The entries for the sixty dialogue texts featured in the guide follow a standardized format, though each entry varies in length, depending on the text. Some entries are quite short, such as no. 10, an anonymous fragmentary “Anti-Jewish Dialogue” which takes up less than a single page, while others require significantly more attention because of their complexity and/or history of scholarship. Methodius’ Symposium (no. 13), by comparison, takes up roughly five and half pages. Each entry begins with a list of standardized data about the text: author, full title (generally provided in native language/script), original language, date of composition, edition(s), and modern translation(s). Following this list, most entries include two distinct sections: 1) summary and 2) discussion of scholarship. For many of the shorter entries, however, these two sections are combined under a single heading. Finally, each entry concludes with a short bibliography specific to the scholarship on that text.
This volume is a welcome addition to scholarship on dialogues in Greek and Syriac. While the practical concerns of the chronological boundaries for the volume are certainly understandable, Syriac scholars in particular may wish that the artificial boundaries had allowed for the inclusion of at least some dialogue poems (sogyātā), even if many of them are anonymous and difficult to date. Even without the sogyātā, however, the present work provides a now standard reference work for those who wish to delve into the dialogue genre in both Greek and Syriac. Hopefully this volume will encourage even more scholarship on these important works.

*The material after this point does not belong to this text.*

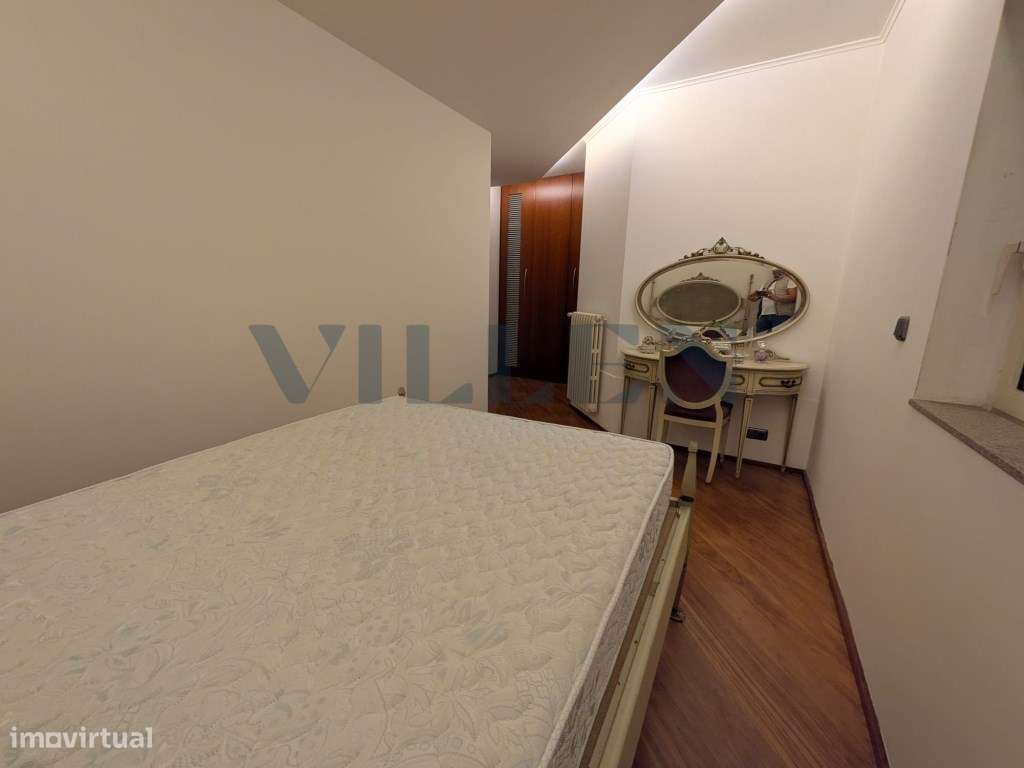 Moradia T5 de Luxo em São Romão do Coronado-21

Appendix: List of Syriac Works discussed in the volume2
Readers of Hugoye will likely be most interested in the Syriac texts discussed in the volume. Thus, for quick reference, I have created a list that provides the entry number and titles of the Syriac texts—that is, texts that were either composed in Syriac or for which the primary surviving witness is a Syriac translation.3
|Entry Number||Author (if known)||Text title|
|4||?Hippolytus||Chapters against Gaius|
|5||Philip Bardaisanite||The Book of the Laws of the Countries (also includes a discussion of Bardaisan’s lost dialogues)|
|8||Gregory the Wonderworker||Discourse of Saint Gregory the Great to Theopompus, on the Impassibility of God|
|37||Theodotus of Ancyra||Contra Nestorium|
|39||Nestorius||Dialogue in the Bazaar of Heracleides|
|41||John of Apamea||Six Dialogues with Thomas|
|42||John of Apamea||Four Dialogues with Eusebius and Eutropius|
|43||John of Apamea||Discourse on the Mystery of Baptism|
|48||Zacharias of Mytilene||Life of Severus|
|54||John bar Aphthonia||Conversation with the Syrian Orthodox under Justinian|
|58||Paul of Nisibis||Conversation with Caesar|
1 P. L. Schmidt, “Zur Typologie und Literarisierung des frühchristlichen lateinischen Dialogs,” in Al. Cameron, ed., Christianisme et formes littéraires de l’Antiquité Tardive en Occident (Geneva, 1977), 109-190.
2 In each case I have simply provided the name/title conventions employed by Rigolio.
3 I have not included every single text that has a Syriac witness in addition to a surviving Greek witness.